Indeed… they should look ’em up, defibrillate ’em, sedate ’em, then kick ’em in the nuts!

As usual, another excellent post. Really informative and helpful.

I found interesting the fact that Finns don’t “have” that verb. What is their reaction when they face all this?

In my spanish mind “tener” has only one meaning, and english expanded the use of it, but german takes it to a whole new level. But these are the things that make this language so interesting to me. I also like the way it sounds. Most people look at me and say WTF??? they’re angry all the time… and I say: if your only reference are WW2 movies then yes… try to listen to a normal conversation for a change!

By the way… you can’t have drinks/food in spanish either, it would raise the same questions. It’s not one of those weird things of the german language ;)

Viele Grüße

cmalbrecht
9 years ago
Reply to  JEAP

I don’t think the Russians usually say “have” in the sense of “I have no money”, or “I’ll have a cup of coffee”. But that doesn’t mean they can’t say what they want. When I first began studying German (as a dumb kid), and learned they don’t say “I’m going” but rather, “ich gehe or ich fahre”, I thought this meant they simply couldn’t say “going” and therefore, their language wasn’t as sophisticated as English. By now of course, I realize that every language develops through usage and that has nothing to do with a lack of vocabulary. If you try to translate Chinese word for word it looks very strange, but it works just great for millions of Chinese speakers. Try “horse on.” Doesn’t make much sense at all, but to a Chinese speaker it means “right away”. Go figure.

JEAP
JEAP
9 years ago
Reply to  cmalbrecht

Yeah, I know, just like Emmanuel(?) said, they have their own way to say that. But not having the concept in one word can make it harder to learn it…or easier, I don’t know, I just wonder how it is. And “have” can be really broad, attach a prefix to it (in german of course) and it means something completely different.

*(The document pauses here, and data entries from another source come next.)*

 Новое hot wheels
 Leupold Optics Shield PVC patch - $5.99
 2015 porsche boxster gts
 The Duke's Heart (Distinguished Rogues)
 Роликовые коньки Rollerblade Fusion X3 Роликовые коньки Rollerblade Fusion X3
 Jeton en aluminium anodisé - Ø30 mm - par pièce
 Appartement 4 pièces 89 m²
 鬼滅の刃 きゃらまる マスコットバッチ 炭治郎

German and english have many verbs that kind of wrap up concepts that in spanish are described. So, when some people are faced with one simple word it can be a bit confusing, and for some it takes some time to digest. It seems like it should be simpler, but it isn’t, at least not all the time.

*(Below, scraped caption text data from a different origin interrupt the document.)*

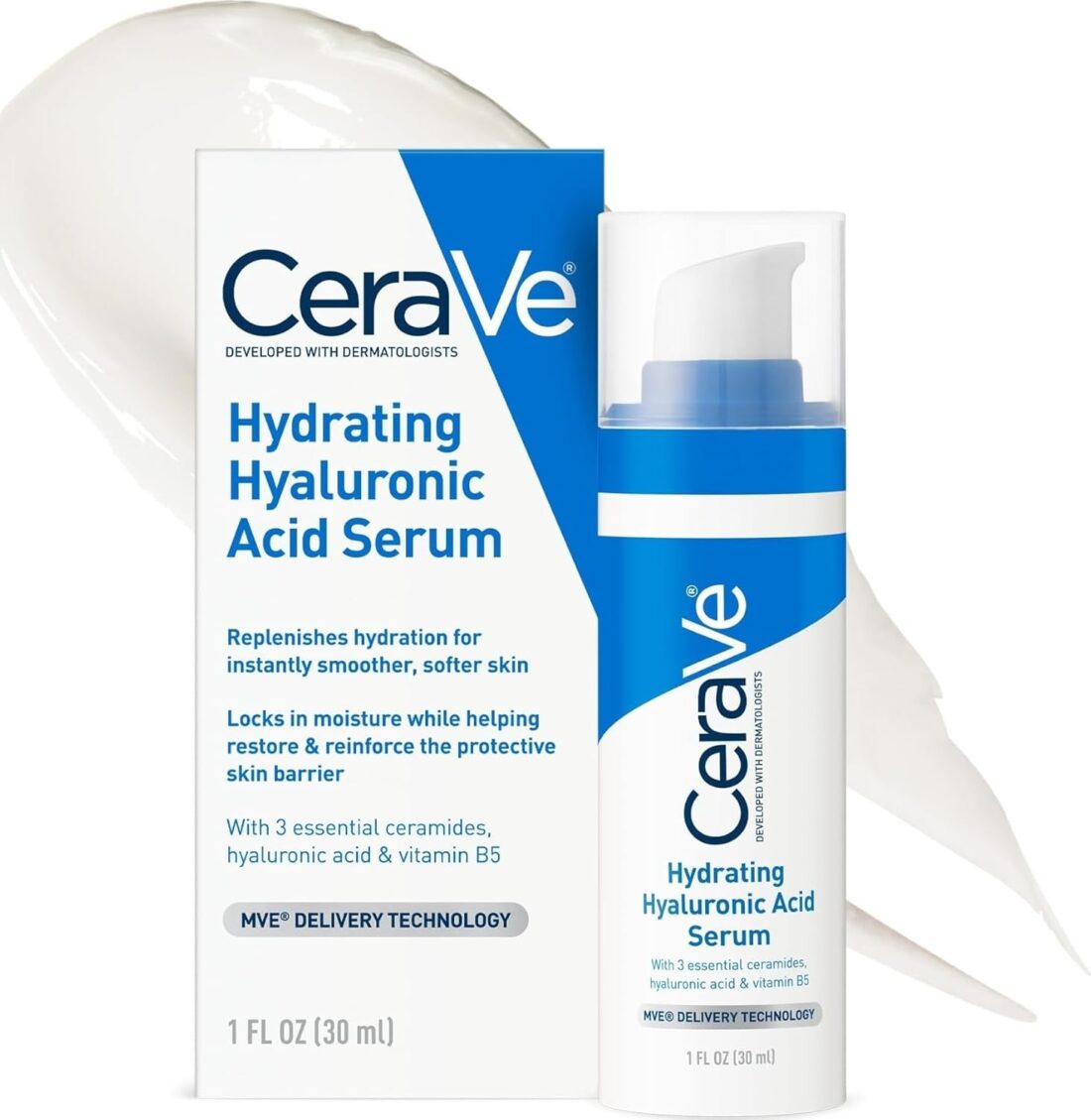 Cerave Hyaluronic Acid Serum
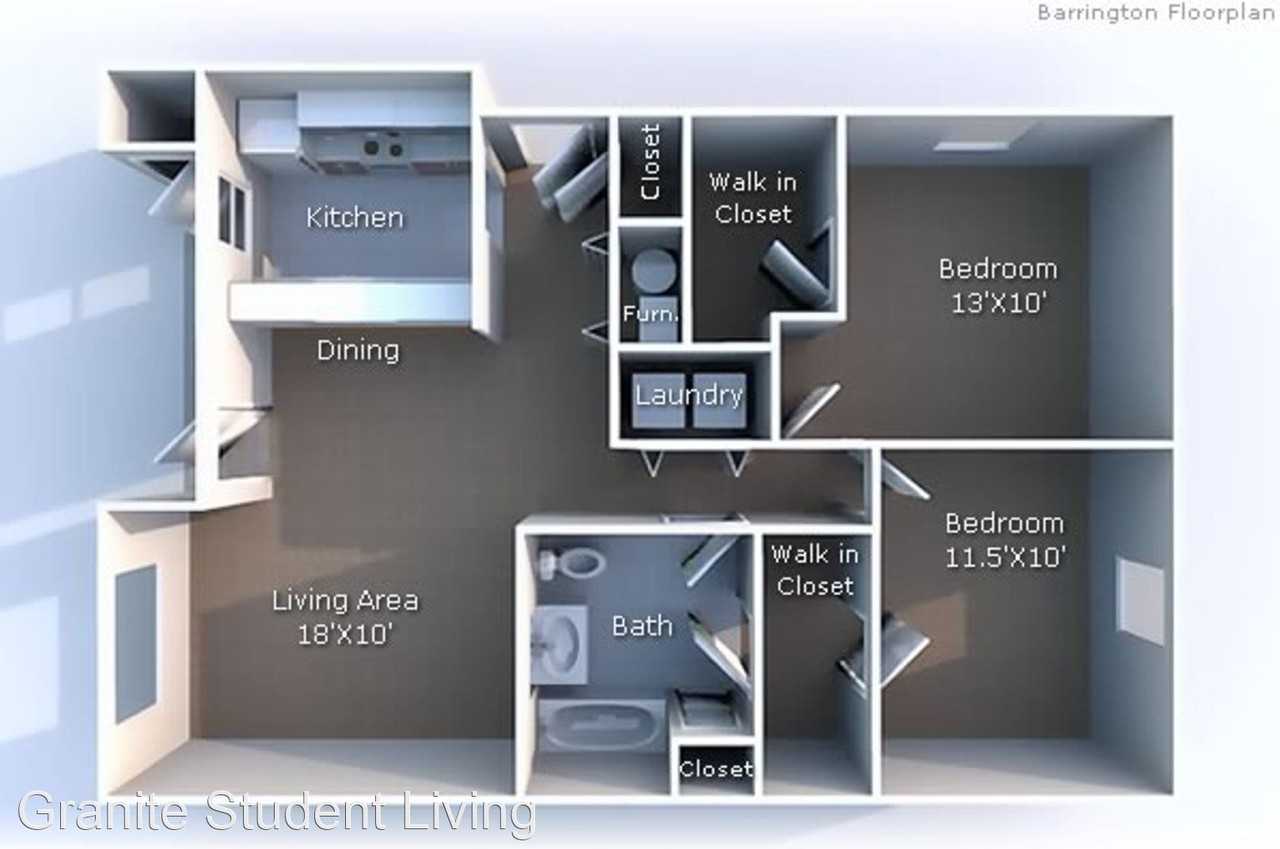 Barrington West Apartments 2252 Sagamore Pkwy W, West Lafayette, IN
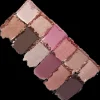 BUXOM Forever Babe Eyeshadow Palette luomiväripaletti 11,4 g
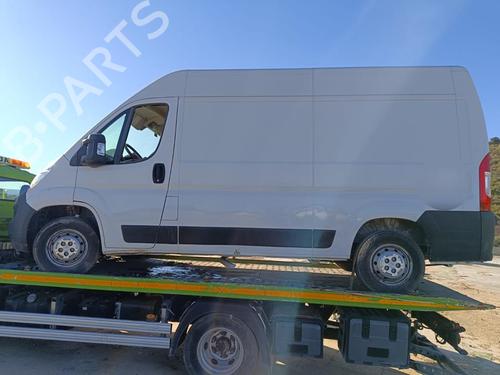 Climate control CITROËN JUMPER II Van 2.2 BlueHDi 120 | BP30753394I5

Hey, it’s nice to finally see some healthy discussion in this place :)

cmalbrecht
9 years ago
Reply to  JEAP

I’ve always been fascinated by languages, their differences and the words or expressions they share. I feel that, in many ways, Spanish and English syntax and idioms are a lot closer that those of many languages. Of course there are literally thousands of language about which I know nothing at all.

Anonymous
Anonymous
9 years ago
Reply to  cmalbrecht

Interestingly enough in Ireland we would (very very rarely) say ‘Horse on there boy’ which would mean ‘ I leave now’. Love this blog by the way, fantastic articles

Shahe
Shahe
9 years ago

This is great, real good. Been using Tell Me More which is really great except for explaining why words go where they go, I hope you keep this up, seems like a great place to come to and I hope I can ask questions in the future! :)

cmalbrecht
9 years ago

Thanks. Lots of good stuff here they don’t teach in the grammar books.